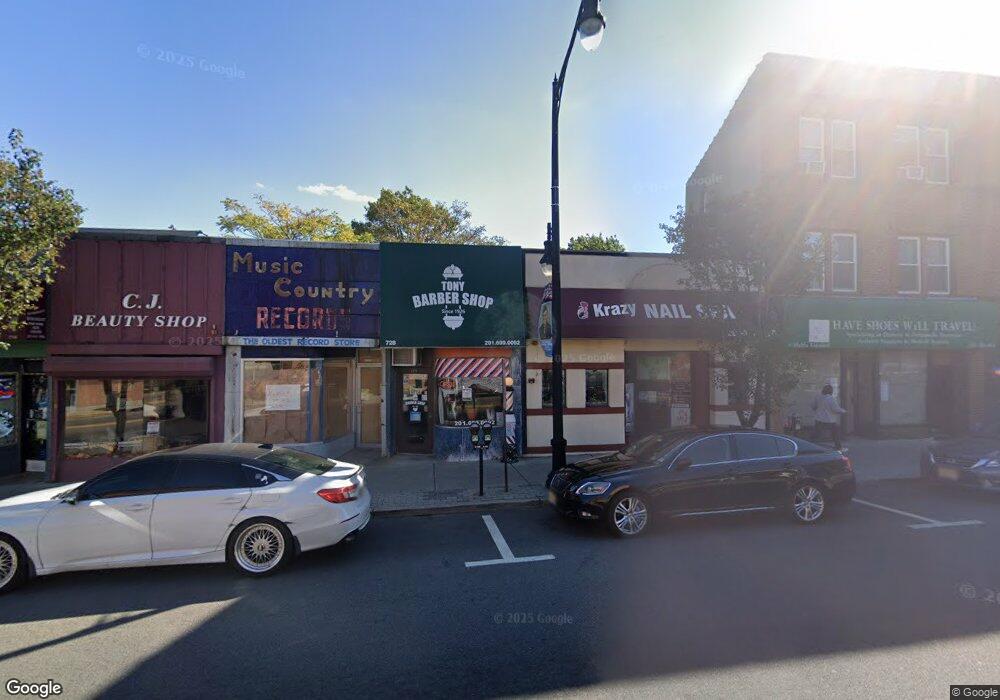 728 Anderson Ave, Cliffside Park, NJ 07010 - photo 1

---

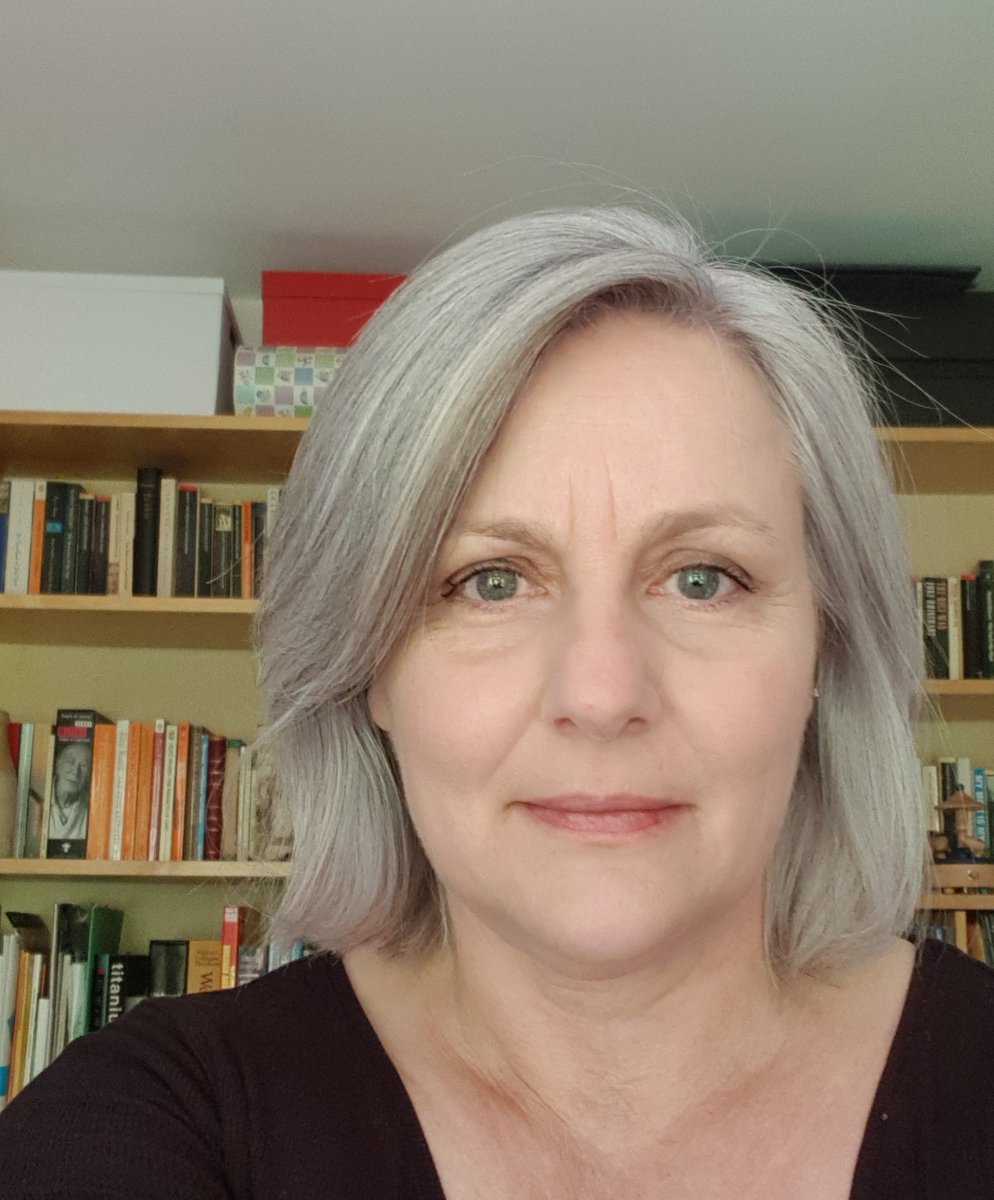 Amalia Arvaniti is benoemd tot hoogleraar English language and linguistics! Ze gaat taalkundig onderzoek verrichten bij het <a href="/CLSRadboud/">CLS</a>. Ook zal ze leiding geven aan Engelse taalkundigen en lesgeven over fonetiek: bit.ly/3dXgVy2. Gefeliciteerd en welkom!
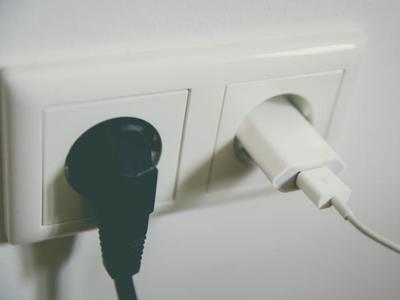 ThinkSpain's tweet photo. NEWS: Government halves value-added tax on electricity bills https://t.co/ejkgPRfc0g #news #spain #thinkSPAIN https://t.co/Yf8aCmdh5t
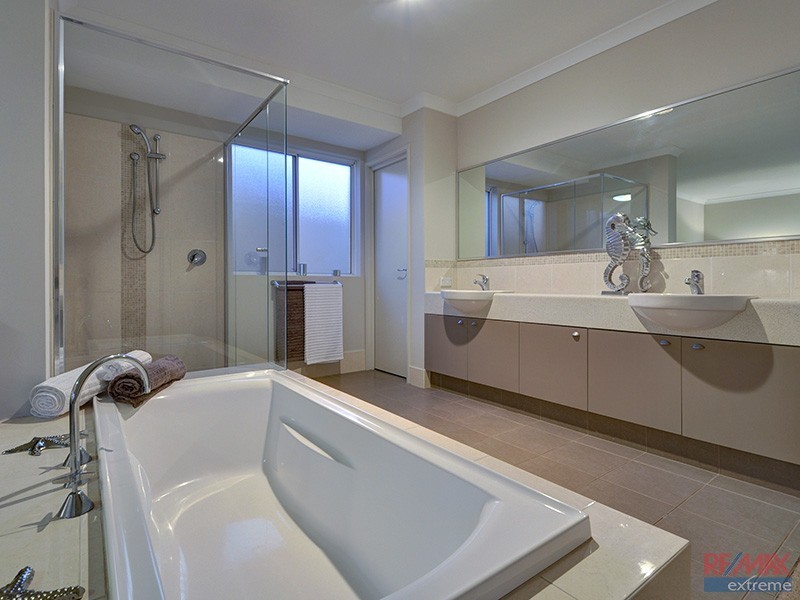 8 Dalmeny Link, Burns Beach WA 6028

==

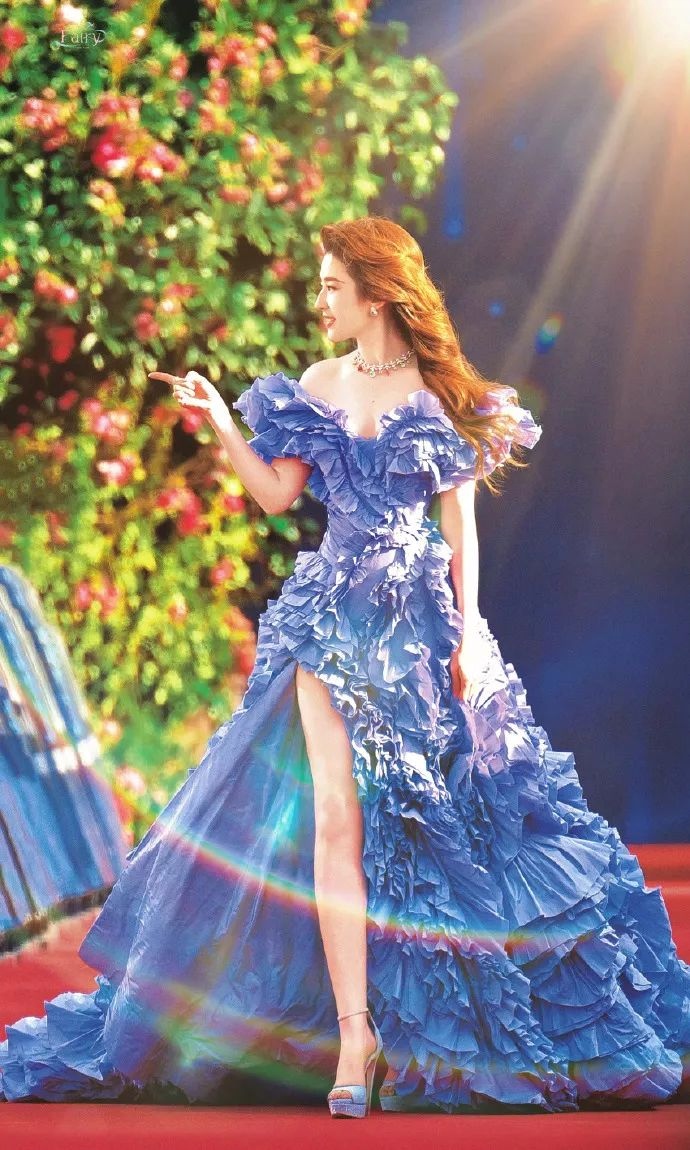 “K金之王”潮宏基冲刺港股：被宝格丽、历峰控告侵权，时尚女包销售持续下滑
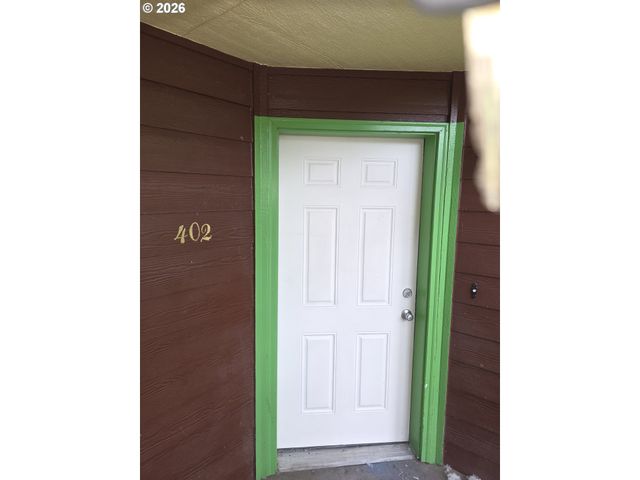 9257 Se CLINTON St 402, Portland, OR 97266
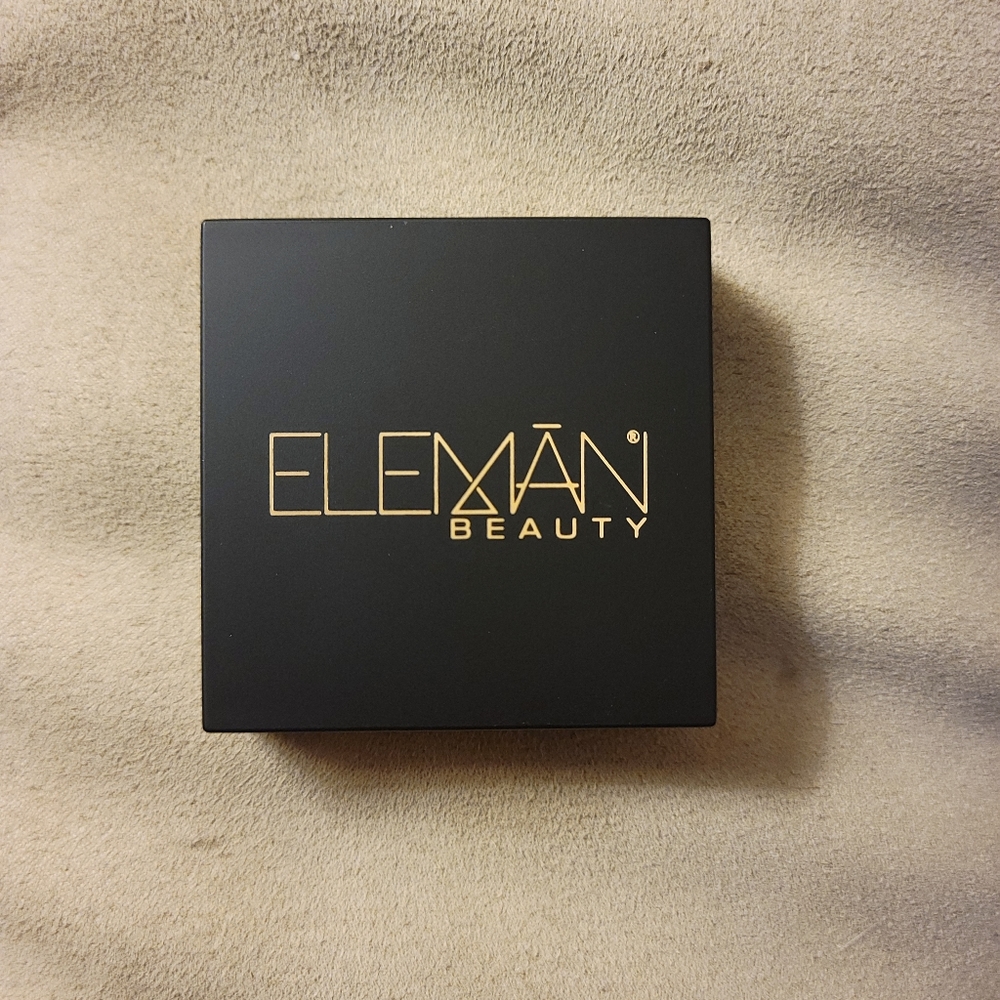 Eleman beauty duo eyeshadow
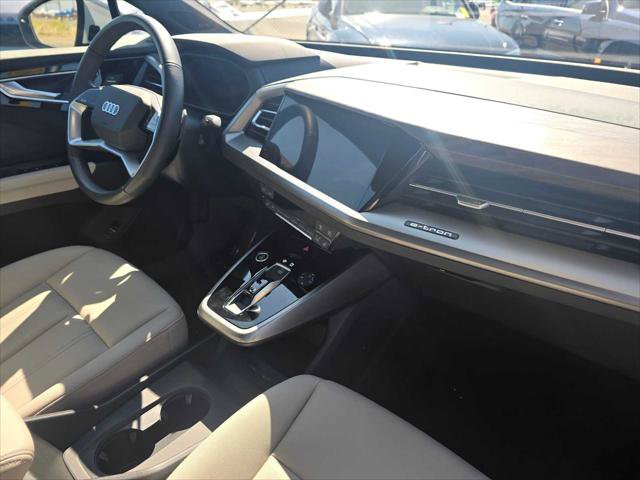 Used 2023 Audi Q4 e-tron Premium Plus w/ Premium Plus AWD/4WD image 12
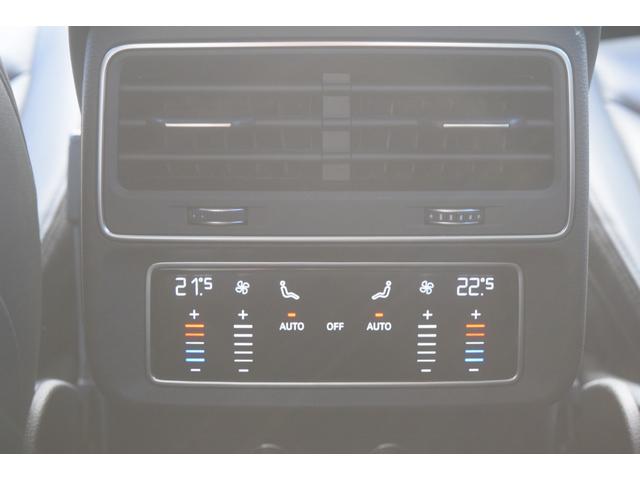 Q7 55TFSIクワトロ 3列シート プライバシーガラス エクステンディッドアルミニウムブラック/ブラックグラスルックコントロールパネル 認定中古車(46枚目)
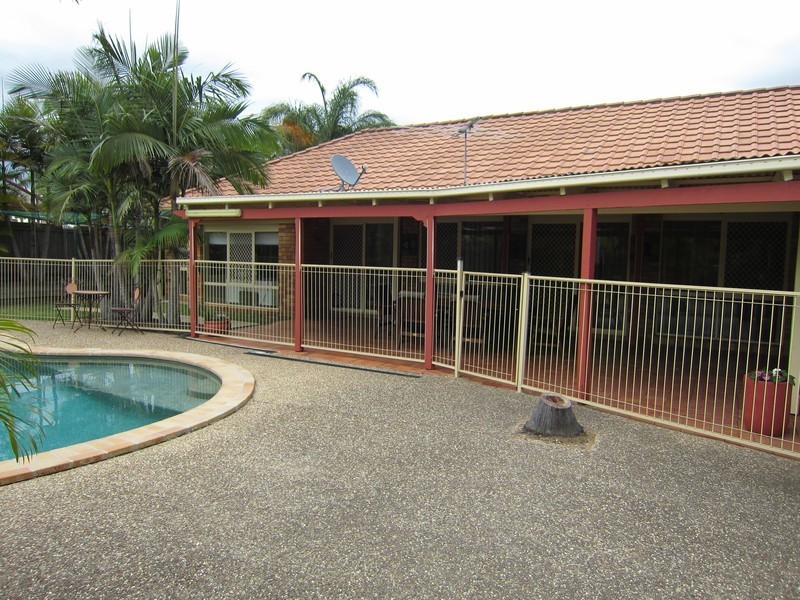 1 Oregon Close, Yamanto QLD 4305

• _PROBLEM_
Output only the stretch above from the line with "ThinkSpain's tweet photo." through the line with "8 Dalmeny Link, Burns Beach WA 6028", reproduced exactly. Exclude pictures.

• _SOLUTION TO THE PROBLEM_
 ThinkSpain's tweet photo. NEWS: Government halves value-added tax on electricity bills https://t.co/ejkgPRfc0g #news #spain #thinkSPAIN https://t.co/Yf8aCmdh5t
 8 Dalmeny Link, Burns Beach WA 6028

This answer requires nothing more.